Problem to solve
Copy out exactly the lines below that run from the one holding "Download wallpaper 1350x2400 mercedes" to the one holding "Mudgee NSW 2850", keeping both of those lines and no others.

=== Dataset ===

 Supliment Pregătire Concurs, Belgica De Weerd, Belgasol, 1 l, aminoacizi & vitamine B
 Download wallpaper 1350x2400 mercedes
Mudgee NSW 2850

===
=== Dataset ===

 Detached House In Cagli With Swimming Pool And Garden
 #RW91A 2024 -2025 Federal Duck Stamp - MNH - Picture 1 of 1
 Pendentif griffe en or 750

===

Final answer
 Download wallpaper 1350x2400 mercedes
Mudgee NSW 2850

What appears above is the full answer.